ただ、これは今すぐ全員に勧める話ではない。まず今持っているスーツで直せる範囲を見極めて、それでも合わないものが増えてきた、あるいは仕事や婚活でスーツを着る機会が多いという人だけ、次の選択肢として考えればいいと思う。いきなり高いものに手を出す必要はない。

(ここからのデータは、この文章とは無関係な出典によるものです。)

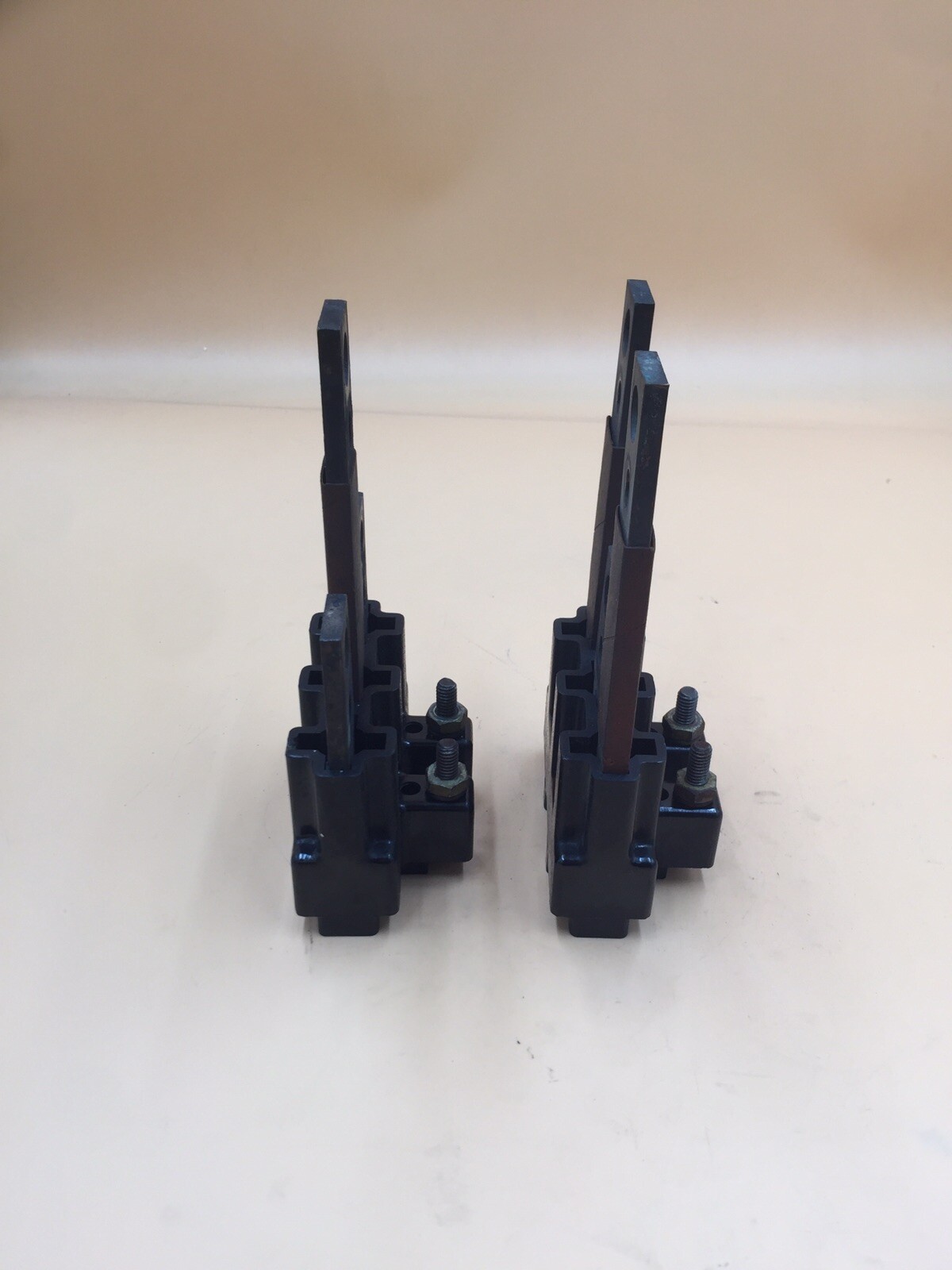 HOUSTON STOCK GE TF23PD2 PLUG IN MOUNTING BASE 225 AMP FREE 2 DAY AIR BUY NOW
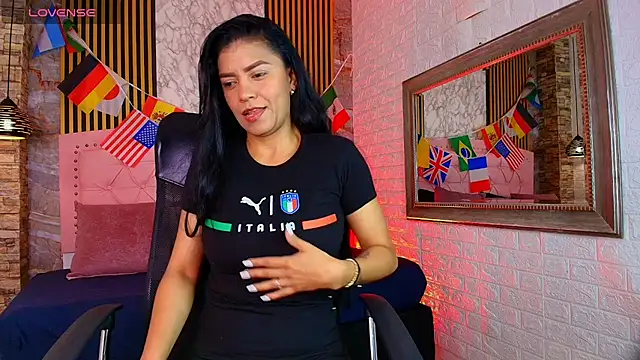 AishaCambell  online show from 06.16.26
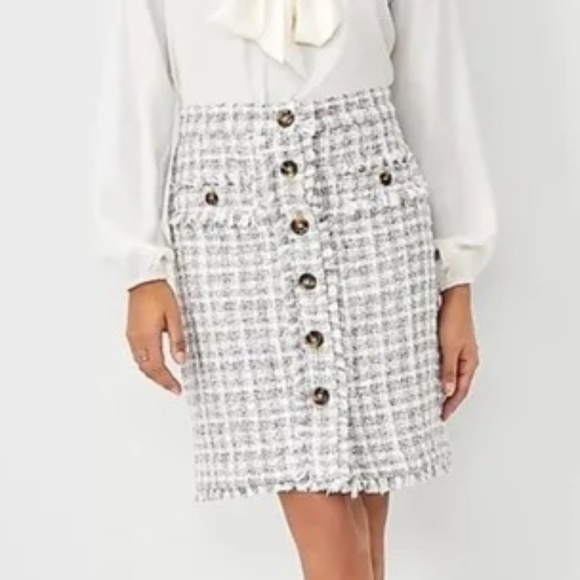 Ann Taylor White Plaid Textured Tweed Fringe Button Front Pencil Skirt Size 14 - Picture 1 of 8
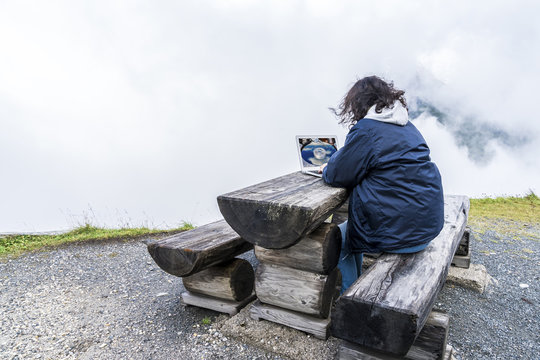 Junge Frau arbeitet in der Cloud - mit Cloudspeicher im Bildschirm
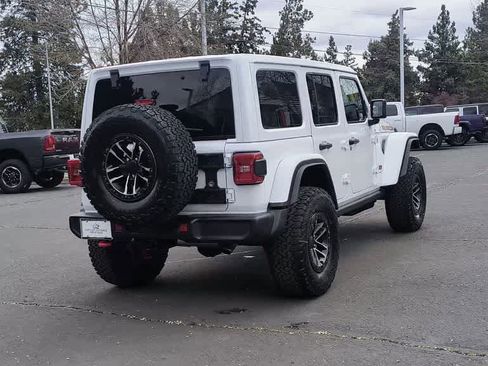 New 2026 Jeep Wrangler Unlimited Rubicon image 8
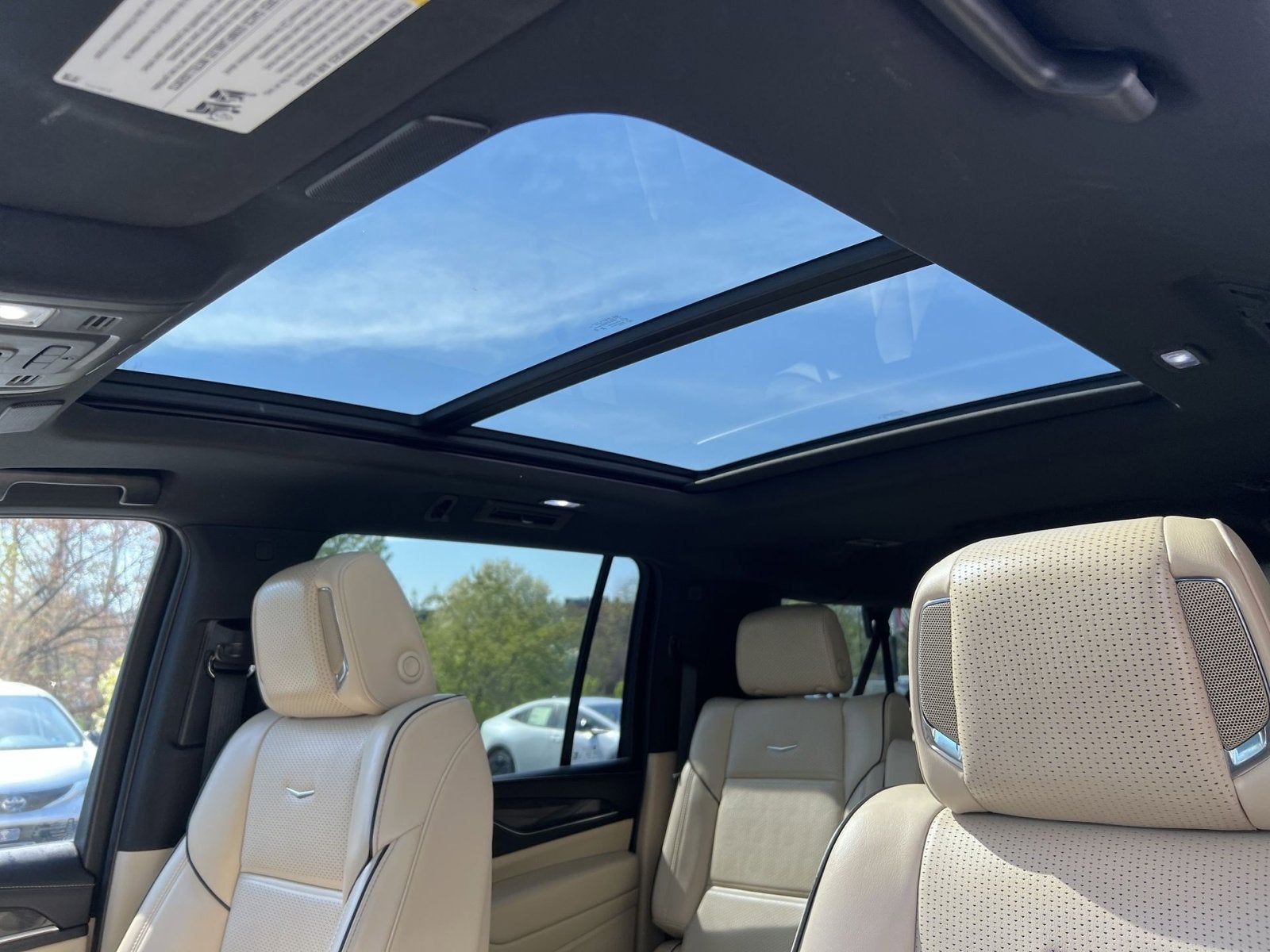 2023 Cadillac Escalade ESV Premium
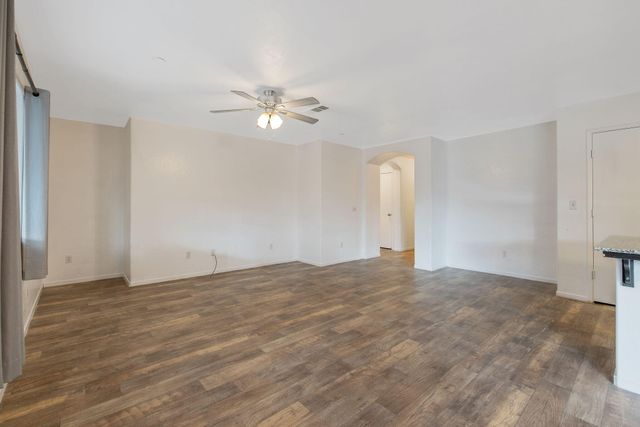 1641 N Virmargo Street, Visalia, CA 93292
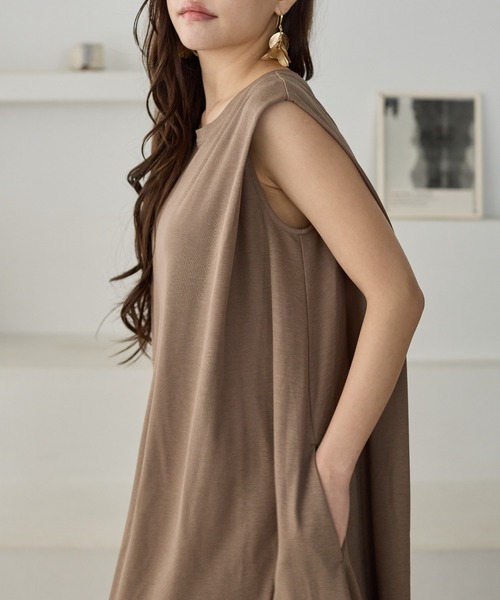 BIRTHDAY BASH(バースデイバッシュ)の「【冷感接触】ZIP STRAP I LINE DRESS(ワンピース・レディース・ブラック/ベージュ/ブルー/レッド・FREE)」の15枚目の写真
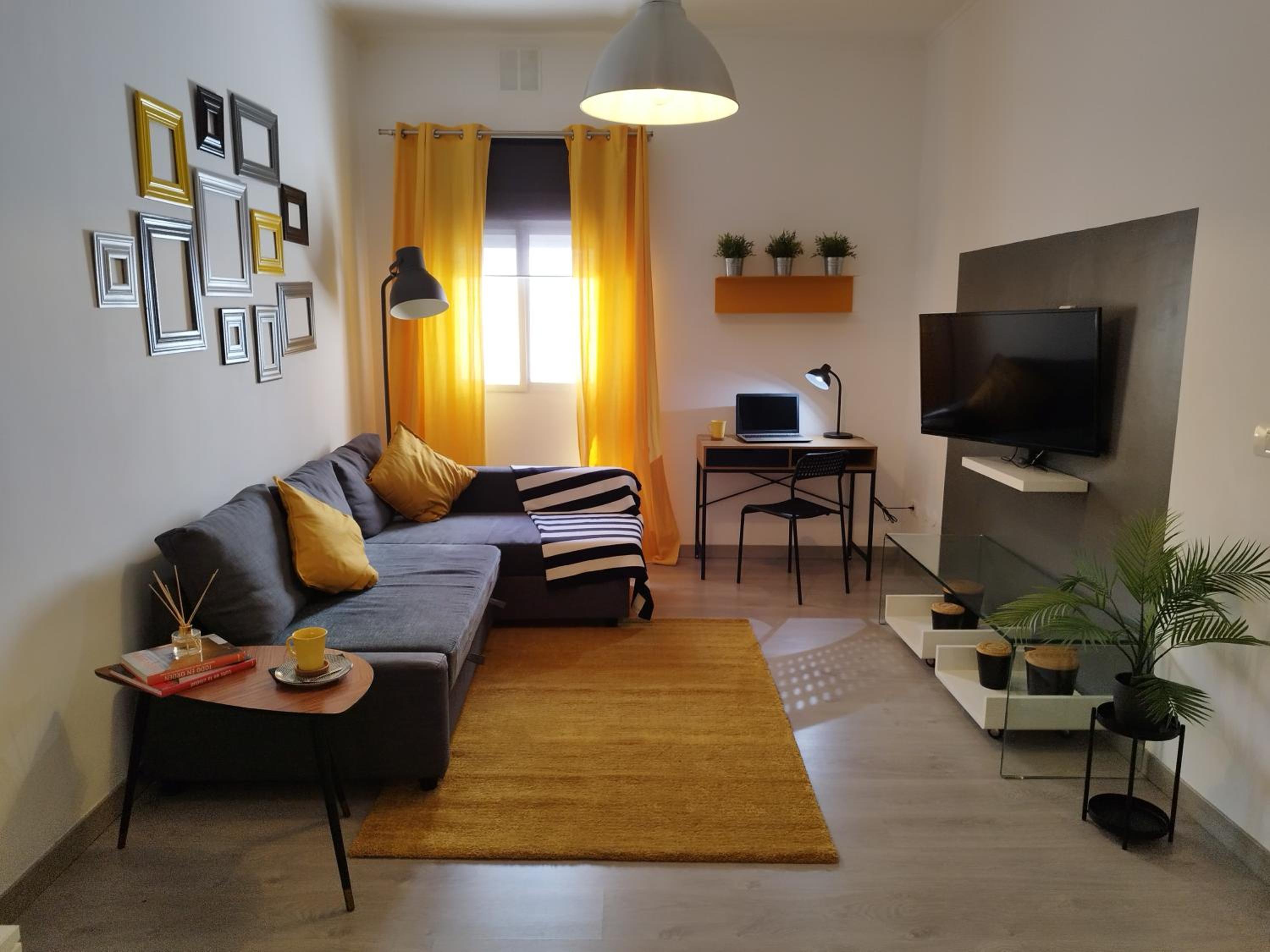 One-Bedroom Apartment photo 2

婚活の場でのスーツの雰囲気については、以前40代男性の婚活服装、ユニクロで整えた私の実例でも書いたけど、清潔感はブランドよりもサイズが合っているかどうかで決まる部分が大きい。シワについては40代男性のスーツしわ、私が自宅で直した順番と清潔感の話にまとめているので、サイズを直したあとに合わせて見てもらえたらと思う。
何キロ太ったら買い替えを考えるべきか
だいたいの目安として、体重で+7kg前後、ウエストで7cm前後増えていたら、ウエストだけの直しでは厳しくなってくることが多い。特に肩や腕の付け根まで変化している場合は、直しよりも買い替えのほうが結果的に無駄が少ないケースが多い。
お直しは何回までできるかという質問もよく見かけるけど、これは縫い代がどれだけ残っているかの問題で「回数」というより「生地の余裕」の問題だ。一度出した縫い代を戻すことはできないので、太る→直す→また太る→もう直せない、という流れになりやすい。体重を今の位置で安定させることも、実はスーツを長く使う上では地味に効いてくる。
オーダーと既製、どちらがいいかについては、体型が今後も動きそうなら既製のままお直しで様子を見て、動かなくなってから一着だけオーダーで作る、という順番が私は無難だと思っている。最初からオーダーに飛び込むと、体型がまた変わったときに結局同じ悩みに戻ってしまう。
今日できることとしては、まず家で一着だけ、ボタンを留めてX字のシワが出るか、タックが開くかを確認してみてほしい。それだけで、次にお直しの店に行くべきか、買い替えを検討し始めるべきかの方向は見えてくるはずだ。